5/13 (Mon) | SCTK

# Preprocess of Automatic Annotation Result for SCTK Alignment 

## Introduction

This notebook coducts the preprocess of automatic annotation results for SCTK alignment.
The goal of the preprocess is to generate csv files which have the following four columns:

- start_time ... the start time of the row in sec
- end_time ... the end time of the row in sec
- type ... the type of the row (01_text, 02_pause, 03_disfl, 04_filler)
- text ... the text of the row (word, \<CI\>, \<CE\>, \<DISFLUENCU\>, \<FILLER\>)

The preprocess consists of the following procedures.

1. Load a turn object
2. Load a textgrid corresponding to the turn
3. get 01_text type rows from the turn object
4. get 03_disfl type rows from the turn object
5. get 04_filler type rows from the turn object
6. get 02_pause type roes from the textgrid
7. concat rows as a pandas' DataFrame object and sort them by start_time
8. save the DataFrame as a csv file

Before starting the preprocess, the following code block load required packages and defines global variables.

In [1]:
import sys
from typing import List, Tuple, Generator
from pathlib import Path

import pandas as pd
import pickle as pkl
from textgrids import TextGrid

sys.path.append(
    "/home/matsuura/Development/app/feature_extraction_api/app/modules"
)

from fluency import Turn

DATA_DIR = Path("/home/matsuura/Development/app/feature_extraction_api/experiment/data")

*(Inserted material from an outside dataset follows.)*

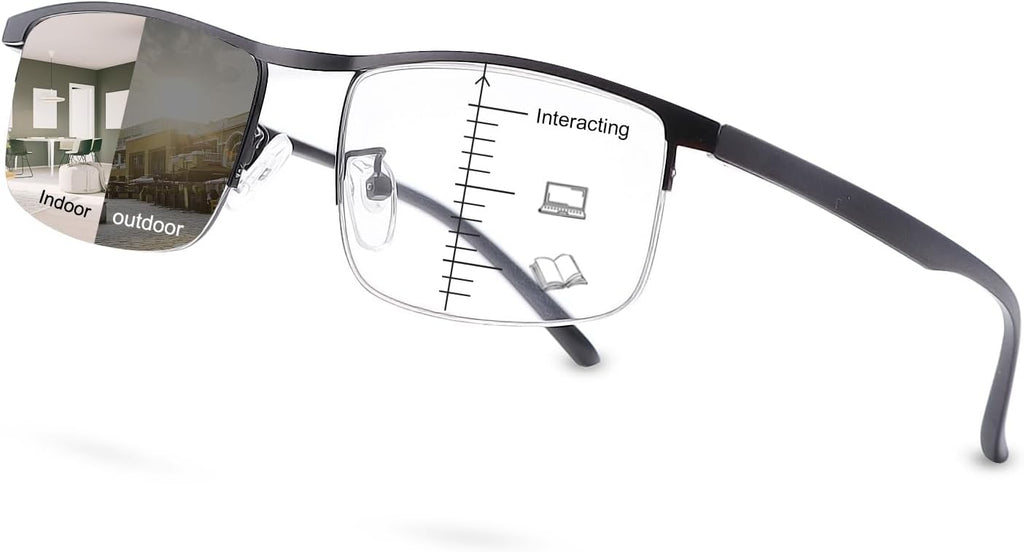 YIMI Progressive Photochromic Multifocus Reading Glasses UV400 Sun Readers Computer Anti Blue Light Glasses for Men Women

TASK = ["Arg_Oly", "Cartoon", "RtSwithoutRAA", "RtSwithRAA", "WoZ_Interview"]

---

## 2. Define Functions

This section defines functions to conduct the preprocess.
The following code block defines a generator to yield file paths of Turn object and TextGrid and a function to load the Turn object and TextGrid.

In [2]:
def turn_textgrid_path_generator(task: str) -> Generator[Tuple[Path, Path], None, None]:
    load_dir = DATA_DIR / f"{task}/08_Auto_Annotation"

    monologue_task = ["Arg_Oly", "Cartoon", "RtSwithoutRAA", "RtSwithRAA"]
    suffix = "*.pkl"
    if task in monologue_task:
        suffix = "*_long.pkl"

    for turn_path in load_dir.glob(suffix):
        textgrid_path = load_dir / f"{turn_path.stem}.TextGrid"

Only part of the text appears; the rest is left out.